Regarding GPU, that was deemed too challenging to support properly with our limited resources. However, PyTensor functions can be easily transpiled into JAX which has great native support for GPUs and TPUs
Just pass mode="JAX"
to pytensor.function
Many thanks for the info and suggestions. That gives me hope and I’ll track down the problem with BLAS/Gemm. I did use mode=JAX, and I do have jax[gpu] correctly installed, but it complained that JAX-ified Ops are not available for many of the Ops I use. I’ll report back. Thanks again
Feel free to open an issue on our repository listing any missing JAX Ops that you need: GitHub - pymc-devs/pytensor: PyTensor is a fork of Aesara -- a Python library for defining, optimizing, and efficiently evaluating mathematical expressions involving multi-dimensional arrays.

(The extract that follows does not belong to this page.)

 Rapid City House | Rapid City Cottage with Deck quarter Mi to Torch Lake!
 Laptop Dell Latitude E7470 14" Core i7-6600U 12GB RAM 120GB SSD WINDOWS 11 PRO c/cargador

You may even choose to contribute the functionality yourself. Here is a recent example that shows how easy it can be: Add jax implementation of `pt.linalg.pinv` by jessegrabowski · Pull Request #294 · pymc-devs/pytensor · GitHub
So, I re-installed PyTensor with conda -c conda-forge, and yes, I see now that the c-compiler and all dependencies are properly installed including (I think) GEMM/Blas And, I have seen the speedup of the execution time for the case without 2D convolution. But, for 2D convolution, there is still a huge difference. I notice that in AESARA, there is aesara/tensor/nnet/conv.py which has optimized convolution drawn from
from scipy.signal._sigtools import _convolve2d
and implemented as an OpenMP Op.
But in pytensor, this has been apparently removed. The convolution appears to be done brute-force in abstract_conv.py
Am I missing something here?
Thanks in advance
Yes, you’re correct. Even in Aesara it is marked as deprecated: aesara/__init__.py at 4b266671f5b60ba2cf9e435248febfa07f632824 · aesara-devs/aesara · GitHub
In general we are trying to move away from the old C_code to minimize maintenance burden and betting on the Numba/JAX backends.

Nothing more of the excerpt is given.